The takeaway here is that even very small differences in return can become quite important if they persist over long periods of time. Just as it is important to start saving early, it is important to try for higher returns early.  And the improvement in return need not be large to have quite significant results over the long-term.  This is why it is very important for the investor to pay attention to what seem to be small differences in fees, trading costs, and not-so-small differences in effective tax rates.


Sadly, once you make sure that you have done a good job in keeping fees, trading costs, and effective tax rates down, the main way to increase return is to bear more risk.  However...Too much risk will actually reduce the typical result of compounding returns over long periods, even as it increases the expected return for a single period.

Mathematically trained statisticians will at first object to this statement, because it is true that the expected, or average, result of a compound return is the same as the compounding of the expected result for a single period.  Once you know expected return for each period, risk has no further role to play in determining expected wealth.  The key insight, however, is that the average compound result in a risky process will be distorted upward from what most investors receive.  A much better indicator of what you as an investor are likely to attain is given by the median compounded wealth.  And this quantity is very much influenced by volatility of returns.

Consider an example where returns are volatile but known, so that we can do an easy back of the envelope calculation.  You start with a dollar.  The first period you receive a 100% return, so that your wealth becomes two dollars.  The second period, you receive a 50% loss, and your wealth shrinks back to a single dollar.   This sequence can be repeated indefinitely, and your money will not grow.  What is going on?  The losses reduce the capital base from which the gains must grow!

Now make that initial dollar a silver dollar, a coin to be flipped.  If it comes up heads, your stake doubles.  If it comes up tails, your stake is cut in half.  Your average or expected return in a single period is 25%.  What happens if you compound this process by flipping the coin 10 times?  The median result will be an equal number of heads and tails, landing you right back where you started.  That is, your median result will be 0%, even though for a single period the expected return is 25%!  There is also a quite large probability that you will lose money.  The expected or average wealth will be far higher than the median, because it includes the approximately one-in-a-thousand chance of getting ten heads in a row, but this may not be very relevant.

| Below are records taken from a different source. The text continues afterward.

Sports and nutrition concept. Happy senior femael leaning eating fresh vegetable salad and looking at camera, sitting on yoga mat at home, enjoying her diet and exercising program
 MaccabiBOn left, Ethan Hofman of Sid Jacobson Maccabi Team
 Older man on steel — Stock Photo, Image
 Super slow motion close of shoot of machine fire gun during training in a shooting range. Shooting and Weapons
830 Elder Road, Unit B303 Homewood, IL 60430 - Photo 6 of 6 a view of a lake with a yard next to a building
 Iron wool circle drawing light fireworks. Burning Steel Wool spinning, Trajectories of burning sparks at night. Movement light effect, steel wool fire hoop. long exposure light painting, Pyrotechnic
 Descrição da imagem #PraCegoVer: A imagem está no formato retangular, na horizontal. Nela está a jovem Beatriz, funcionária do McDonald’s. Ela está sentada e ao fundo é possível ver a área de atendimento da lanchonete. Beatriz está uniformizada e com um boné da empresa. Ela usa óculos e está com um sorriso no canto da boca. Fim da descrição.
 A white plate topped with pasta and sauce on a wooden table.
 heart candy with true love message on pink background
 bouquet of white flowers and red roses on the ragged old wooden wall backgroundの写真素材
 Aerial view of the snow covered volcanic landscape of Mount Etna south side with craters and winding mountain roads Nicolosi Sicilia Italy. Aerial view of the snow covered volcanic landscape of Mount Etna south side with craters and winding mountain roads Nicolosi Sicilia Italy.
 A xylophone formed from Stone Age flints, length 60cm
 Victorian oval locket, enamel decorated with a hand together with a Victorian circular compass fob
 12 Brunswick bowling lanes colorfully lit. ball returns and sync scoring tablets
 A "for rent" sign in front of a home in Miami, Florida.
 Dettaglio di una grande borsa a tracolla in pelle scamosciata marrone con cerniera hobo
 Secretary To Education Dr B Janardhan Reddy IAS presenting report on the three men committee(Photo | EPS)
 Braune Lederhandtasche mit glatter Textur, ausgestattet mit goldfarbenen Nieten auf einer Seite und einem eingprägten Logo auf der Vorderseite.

The fact that volatility reduces median compound results is one of the reasons why other investors will pay you to bear risk.  The other is that they cannot cope with large losses, or shortfalls, along the way.  Estimating the size of these effects in a given situation requires some more mathematics.  For now, it may be enough to remember that you should be skeptical when people say that in order to earn higher returns you must take more risk.  The truth of that statement is contingent on whether you are already facing so much risk that more will actually cause your median long-term prospects to deteriorate.


The key concept for this session is that your results will depend on compounding, which is determined by time, expected return each period, and the volatility of that return.  Patience combined with modest improvements in returns of moderate risk is greatly rewarded.  Large returns combined with high volatility can seriously reduce your median results.